Aunque la mayoría de las muchachitas estén listas para casarse en la adolescencia.
El corazón más potente
El corazón de Lorena late más potente que el de ninguna otra mujer rarámuri bajo su mapáchaka (blusa) que con sus brillantes colores la protege del majaguá rayénari (asustarse con el sol). El latido de su corazón es tan poderoso que hace descender a Repá betéame (El que vive arriba). El poderoso de arriba baja en forma de lluvia y refresca el sumidero de La hormiga y todo el municipio Guachochi en el norte de México donde habita Lorena con su gente. Ahí en donde la tierra de los hijos del sol, los rarámuri, se arruga y se retuerce y forma la Sierra Madre Occidental de México.
Pero esto tampoco lo cuenta Juan Carlos Rulfo en el documental.
Los pies de Lorena no tienen descanso. Golpean la tierra por largas horas. Pisotea diez o veinte kilómetros cada día para aplacar al dios del mal, Reré betéame (El que vive abajo). Lo hace con gracia. Mientras pastorea las cabras, recoge leña o corre veloz hasta donde viven los codiciosos, los blancos, los mestizos, los ajenos de la tierra, del sol y los ríos, los barbados chabochi.

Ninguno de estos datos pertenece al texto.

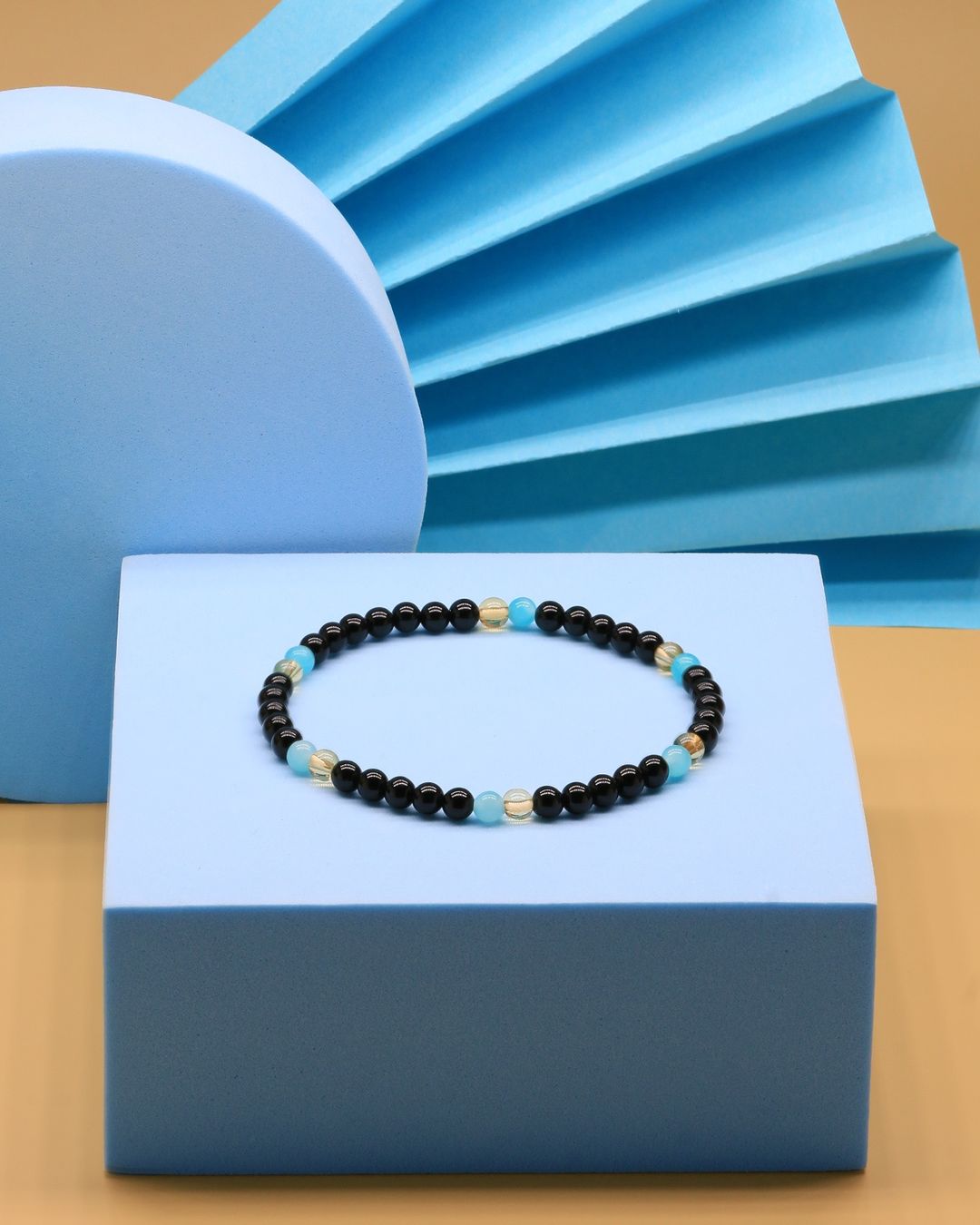 Bracciali & Braccialetti: Elastisches Armband aus Onyx, Citrin und Amazonit – Nuovo e nell'imballaggio originale da Schindellegi venduto da MoonAmber.schmuck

Combate la codicia de poseer
Cuando visita a los chabochi para hacerse de algún alimento que desea débilmente, se ajusta con firmeza su koyera (faja cinturón de tela) a la cintura. No sólo para ceñirse las tres o más faldas coloridas, sino para asegurarse de que sus tres semillitas de maíz y sus tres semillitas de frijol (cuenta la leyenda que así se fundó su pueblo) no se extravíen. Así, mientras mercadea, recuerda el origen de los rarámuri y combate la codicia de poseer que condena a los chabochi a destruir la tierra.
Tampoco nada de esto narra el documental.
Juan Carlos Rulfo, el hijo del escritor mexicano Juan Rulfo, trata de hacer con Lorena, el documental, lo mismo que su padre hizo con Comala, en Pedro Páramo: un murmullo. Y Rulfo, el hijo, logra hacer latir el murmullo, entretejiendo en una telaraña fina y suave, los verdes húmedos de la sierra rarámuri con los silencios verdes, los pies alados y las invisibles lágrimas de Lorena.
Por momentos el murmullo de la rarámuri se logra escuchar en el documental.
Se escucha el murmullo rarámuri
Ahí se escucha el aleteo de los pies ligeros de Lorena, el suave sonido de cuando se quiebran las comisuras de sus labios para apenas dibujar una sonrisa. Se escucha el murmullo que produce el pestañeo de sus ojos cuando empujan las lágrimas azules e invisibles que le caen cuando pastorea las cabras.
Cuando se detiene ante el acantilado y piensa en los libros que han escrito los chabochi sobre su gente y que quisiera leer. Se escucha el murmullo de la piedra que rompe el viento cuando Lorena, en un gesto de desahogo, la lanza con rabia hacia el abismo, dejando ir ahí todo el dolor y la tristeza impronunciables.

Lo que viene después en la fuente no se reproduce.